3. Scope and Reseller Role

   3.1 GND acts solely as reseller and billing intermediary, not as manufacturer, developer, or service provider.

   3.2 Customer’s use of each Product is governed exclusively by the applicable Vendor Agreement.

   3.3 In the event of conflict between this Agreement and a Vendor Agreement, the Vendor Agreement prevails for all matters related to the Product’s license, functionality, data handling, warranty, or SLA, while this Agreement governs the commercial relationship between GND and the Customer.

   3.4 GND may coordinate first-level communication or support but bears no responsibility for Vendor performance, uptime, or technical failures.

   3.5 Each Order Form shall clearly identify whether it is issued by GND or PT GND or ALPHA CODE.

4. Orders, Fees, and Payment

   4.1 All Orders shall be in writing through a GND or its affiliates -issued Order Form referencing the Vendor and Product.

   4.2 Customer agrees to pay all Fees in accordance with the Order Form.

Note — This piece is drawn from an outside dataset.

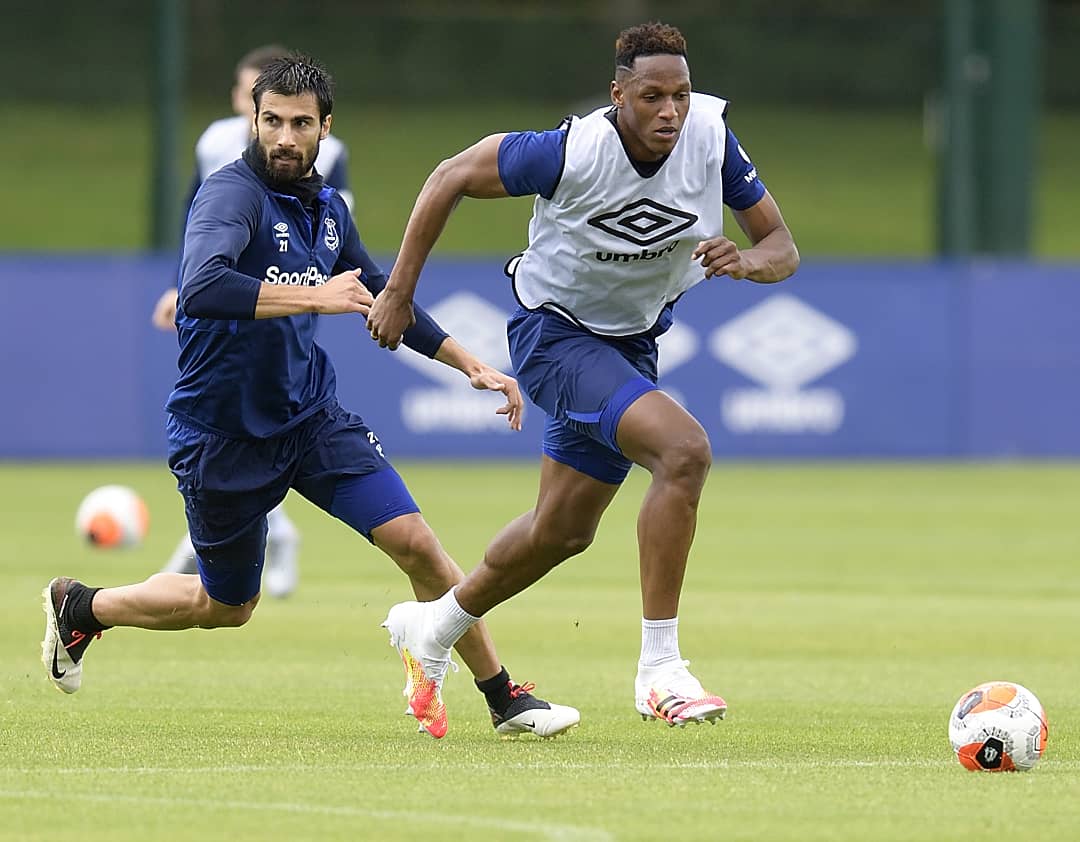 Yerry Mina está de regreso con el Everton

Default payment term: thirty (30) days from invoice date.

   4.3 All payments are non-refundable unless expressly stated.

   4.4 Taxes and Withholding:

  • Indonesian Customers shall be responsible for all applicable VAT and withholding tax.

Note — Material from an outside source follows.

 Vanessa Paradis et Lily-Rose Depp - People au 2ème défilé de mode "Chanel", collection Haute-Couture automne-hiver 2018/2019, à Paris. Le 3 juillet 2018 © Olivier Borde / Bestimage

  • Singapore-based Customers shall pay all GST and applicable duties.

  • Cross-border payments shall be made in USD as specified.

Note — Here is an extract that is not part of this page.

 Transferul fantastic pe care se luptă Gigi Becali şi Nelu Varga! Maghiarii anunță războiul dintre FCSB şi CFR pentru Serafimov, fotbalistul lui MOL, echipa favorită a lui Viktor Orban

  • For avoidance of doubt, each party is responsible to bear its own taxes arising from this transaction.

   4.5 Late payment entitles GND to suspend delivery or terminate the Order after written notice.

5. Term and Renewals

   5.1 The initial Term begins on the Effective Date and continues for the duration specified in the Order Form.

   5.2 Unless otherwise stated, subscriptions automatically renew for successive terms of equal duration unless Customer provides written notice of non-renewal at least ninety (90) days prior to expiration.

   5.3 Renewal pricing or Vendor-imposed increases shall be communicated at least ninety (90) days prior to renewal.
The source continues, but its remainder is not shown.